Nope. Not when taken to an extreme. Not when an unchecked monopoly overtakes a market.

Wal-Mart folks has destroyed America. You just don't realize it yet, because it sure is fun to get stuff for so much cheaper than it used to be. Especially when so many things are so much more than they used to be (healthcare, college, homes, day care, movies, etc). Wal-Mart seemed like the only way to stay ahead for most people.

What people don't realize though is that Wal-Mart has destroyed the middle class. Wal-Mart has destroyed the American manufacturing base, and tens of thousands of small to medium sized American businesses. Wal-Mart has killed the character of American towns. And Wal-Mart caused the housing bubble, by creating a massive trade imbalance which caused China to reinvest their reserves in US t-bills, thus deflating interest rates and inflating home prices.

Wal-Mart is evil. And people who shop at Wal-Mart need to see that they're hurting America every time they walk through those doors.

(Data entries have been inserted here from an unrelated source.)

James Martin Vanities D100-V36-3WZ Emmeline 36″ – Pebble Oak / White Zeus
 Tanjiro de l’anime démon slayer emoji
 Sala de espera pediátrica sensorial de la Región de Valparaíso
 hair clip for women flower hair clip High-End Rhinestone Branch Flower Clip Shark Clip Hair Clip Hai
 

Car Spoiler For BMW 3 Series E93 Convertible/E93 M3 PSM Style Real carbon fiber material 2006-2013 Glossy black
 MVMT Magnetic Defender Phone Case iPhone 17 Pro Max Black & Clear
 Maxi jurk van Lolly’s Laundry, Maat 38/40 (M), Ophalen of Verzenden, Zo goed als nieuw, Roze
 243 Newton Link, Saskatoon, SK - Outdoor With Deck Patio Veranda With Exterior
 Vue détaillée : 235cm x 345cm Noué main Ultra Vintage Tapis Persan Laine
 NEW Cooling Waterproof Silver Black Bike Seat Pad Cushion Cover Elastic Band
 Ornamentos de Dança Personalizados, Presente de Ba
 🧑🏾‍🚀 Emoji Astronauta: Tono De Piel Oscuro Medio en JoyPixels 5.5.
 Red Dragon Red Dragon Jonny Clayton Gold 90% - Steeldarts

Here's an interesting take on the catch-22 caused by our addiction to low prices and Chinese crap.

“The China trade deficit really reflects the state of the global economy: China is the world’s factory and the U.S. is its supermarket,” Gereffi said. “It’s not caused by any nefarious Chinese strategy.” Gereffi said efforts to improve conditions in the U.S. by finding fault with China’s monetary or labor practices are misplaced. Answers to American challenges are best found at home, he said.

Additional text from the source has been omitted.